Ich habe eine Therapeutin und eine Therapiemethode gefunden, die perfekt zu mir passt. Einen Menschen, der sehr gut zu mir passt. Und oft bin ich verwirrt, weil ich Sorge habe, mich in diese Frau verliebt zu haben. Aber dann gibt es die Momente, in denen ich weiß, dass ich sie unendlich doll lieb habe, weil sie mir gibt, was ich als Kind nie hatte. Mit erwachsener, sexuell begehrender Liebe hat das nichts zu tun. Ich kuschle mich an sie, weil sie mich beschützt und geborgen hält und meine Kinderseele das so sehr braucht. Und ich muss nicht aufpassen, wenn ich bei ihr bin, weil sie die Erwachsene ist, die aufpasst, weil sie das tut, was früher niemand getan hat. In der Beziehung mit meiner Therapeutin kann ich neue Erfahrungen machen, kann sich Veränderung entwickeln. Ich kann mich ausprobieren und experimentieren, sofern ich mich das traue und es mir erlauben kann. Sie wird mich nicht wegschicken, weil ich mich blöd verhalte, oder weil ich mal enttäuscht bin oder wütend. Mein Kopf weiß das! Aber die Kinderseele ist noch viel zu wenig mit Geborgenheit, Wärme, Beschütztsein, Gehaltenwerden und Sicherheit gefüllt, um glauben zu können, nicht wieder weggeschickt zu werden. Das braucht noch ganz unendlich viele Tropfen, die da hineintropfen müssen, um das wirklich ganz sicher glauben zu können. Dafür reichen 10 Monate Zeit nicht aus, selbst dann nicht, wenn sie ganz intensiv wären.
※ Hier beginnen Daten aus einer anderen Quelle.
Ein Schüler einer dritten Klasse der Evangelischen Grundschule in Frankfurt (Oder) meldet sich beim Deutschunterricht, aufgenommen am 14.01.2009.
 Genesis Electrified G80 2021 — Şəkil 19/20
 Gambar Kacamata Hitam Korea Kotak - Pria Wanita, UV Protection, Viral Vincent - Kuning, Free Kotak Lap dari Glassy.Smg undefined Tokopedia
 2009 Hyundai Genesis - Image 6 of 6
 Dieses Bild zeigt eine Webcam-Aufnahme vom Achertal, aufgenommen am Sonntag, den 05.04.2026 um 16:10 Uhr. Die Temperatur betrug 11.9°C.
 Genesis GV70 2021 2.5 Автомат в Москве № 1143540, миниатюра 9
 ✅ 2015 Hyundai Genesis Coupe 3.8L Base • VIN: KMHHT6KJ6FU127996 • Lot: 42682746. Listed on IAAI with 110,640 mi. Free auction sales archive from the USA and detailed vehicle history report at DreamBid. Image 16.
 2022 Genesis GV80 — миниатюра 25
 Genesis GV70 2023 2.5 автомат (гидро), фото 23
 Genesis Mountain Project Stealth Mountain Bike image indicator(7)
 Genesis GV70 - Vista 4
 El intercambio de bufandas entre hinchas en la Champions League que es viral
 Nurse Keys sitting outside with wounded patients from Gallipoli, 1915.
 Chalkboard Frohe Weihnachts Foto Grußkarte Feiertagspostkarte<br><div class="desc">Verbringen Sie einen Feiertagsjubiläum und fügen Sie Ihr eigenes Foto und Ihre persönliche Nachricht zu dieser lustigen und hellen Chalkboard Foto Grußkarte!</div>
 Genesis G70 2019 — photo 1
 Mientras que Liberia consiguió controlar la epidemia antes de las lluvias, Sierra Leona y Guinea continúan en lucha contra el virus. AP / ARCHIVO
Genau diese Tropfen kann meine Partnerin in die Kinderseele nicht tropfen lassen. Sie kann nur mit mir leben. Sie kann nicht die Wunden meiner Kindheit heilen. Nur dableiben und zusehen, wie aus dem verletzten Kind mit der Zeit ein Mensch wird, der sich annehmen und lieben kann. Und diese Veränderung kann nur in der Beziehung mit der Therapeutin geschehen.